Two hallways lead to Gallery 6: the first one had two doorways on the right-hand side that opened to small rooms of themed art collections. More than once, one of us commented how it felt like we were peeking into a person’s private collection. In the other hallway, a door leads to the Bamboo Forest, an interactive installation art by Antonio Leaño. The feeling inspired by the room is almost inexplicable—it’s like walking through Narnia, only with less sun and snow and more serene ponds and bamboo trees.
Gallery 6 seems to be a fan favorite. The defining aspect of the room was the two-level design with high ceilings and second floor walkway that gives you the chance to appreciate the art from all angles. The second floor rooms designed like a person’s bedroom and study room only emphasize the Filipiniana charm and homey environment of the museum that fills every nook and cranny with art that appeals to the soul.

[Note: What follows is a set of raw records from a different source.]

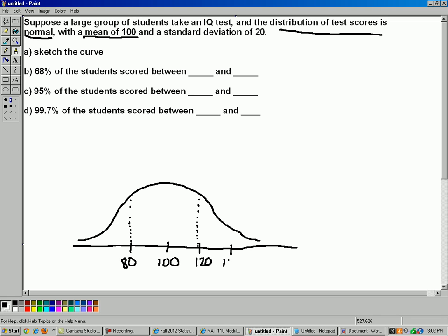Let's go up another standard deviation — another 20 points up, another 20 points down. You can put little dashed lines here. This tells us that 95% of the students scored between 60 and 140 points. Then 99.7% score within three standard deviations. So going up and down three standard deviations: one, two, three in each direction gives us 40 and 160. So 99.7% of all the students scored between 40 and 160 points on their IQ test.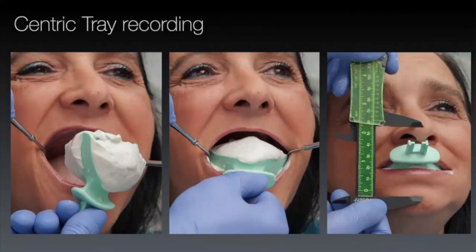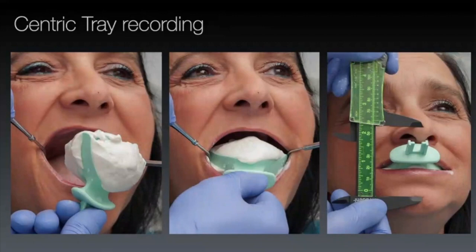The most accurate way I've found is to get a patient to hum. When you hum, your teeth are around three millimeters apart — pretty much everyone hums in the same position. So if we know that, we use the centric tray to get that measurement: dot on the nose, dot on the chin, patient hums, and we measure.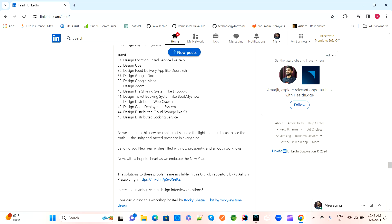Design a file sharing system like Dropbox — where we can upload data, upload files, and share with others — and how this file-sharing system will work. Design a ticket booking system like BookMyShow — a very important question that most interviewers ask for product-based companies. Design a distributed web crawler. Design a code deployment system. Design distributed cloud storage like Amazon S3 — how S3 works. And design a locking service — how a locking service will work.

It seemed that we’ve reached the end of the road after seeing everything there was to see at the Pinto Art Museum. Tired, hungry, yet utterly gratified, we lounged on one of the sofas like a bunch of satisfied cats.

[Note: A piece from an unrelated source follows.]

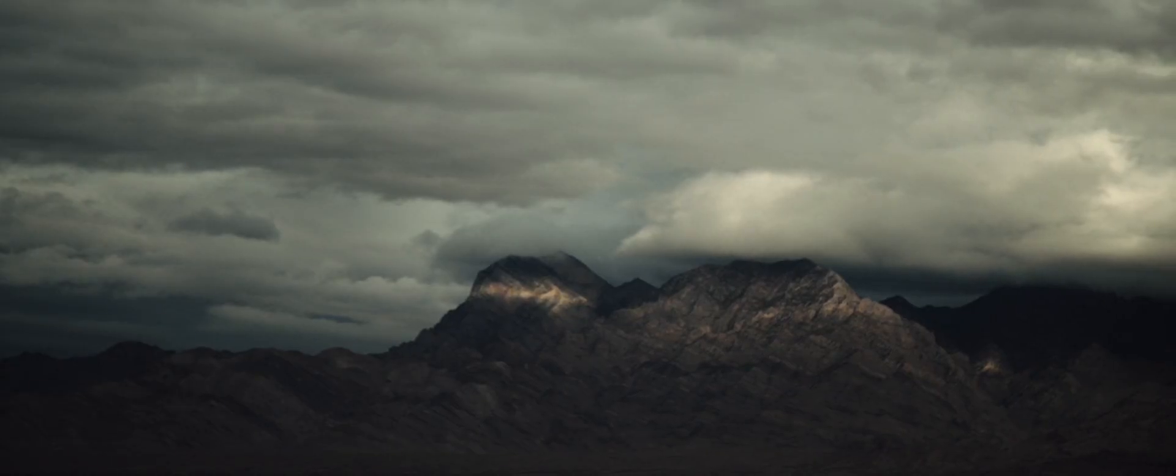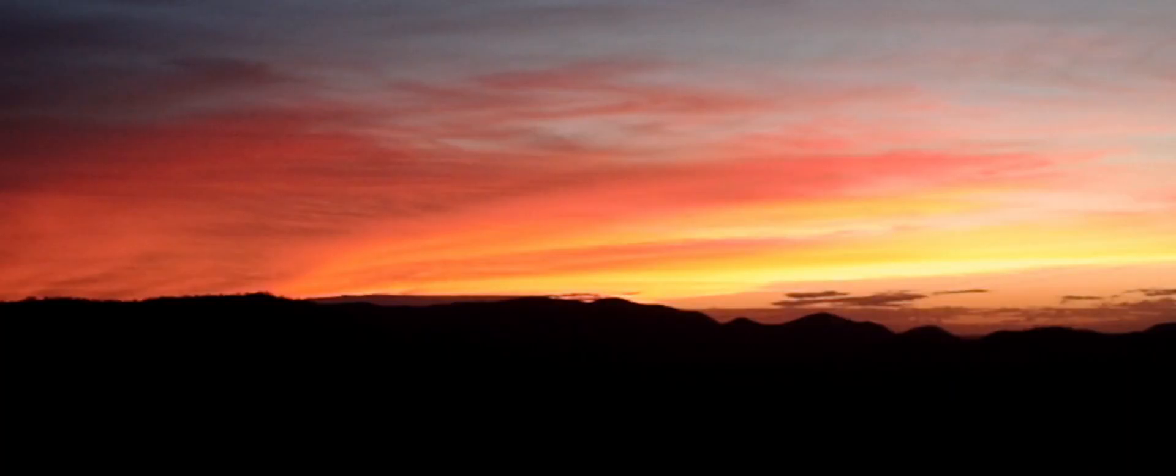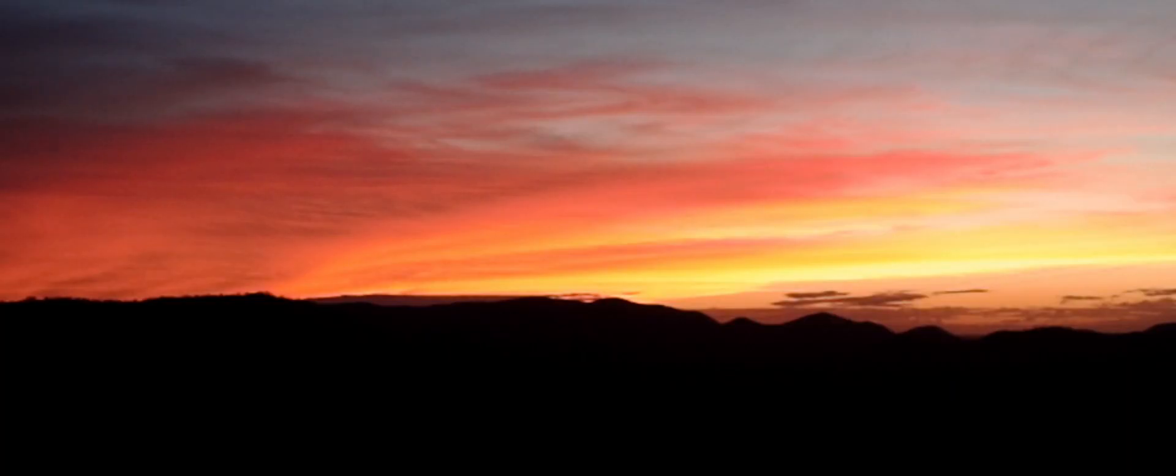Will this journey's end mark a new beginning? Perhaps time itself will be defined by this very moment.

Pinto Art Museum succeeds in fulfilling its visitors not with the grandiosity of most museums that tends to disassociate a visitor from the art, but with the intimacy nurtured from the blend of art, home, and nature that touches on a cultural and personal level. Showcasing works purely of Filipino artists that proudly depict our heritage, the blend of traditional architecture and contemporary art expresses Filipino art and culture at all levels, times, and ages. The museum’s art collection doesn’t focus on what is aesthetically beautiful, but what is intellectually and artistically challenging. By displaying the pieces in a space designed like a charming villa, the art lets us fully appreciate its connection to our hearts, minds, and souls.
Home is where the heart is. And at Pinto Art Museum, the art is the heart.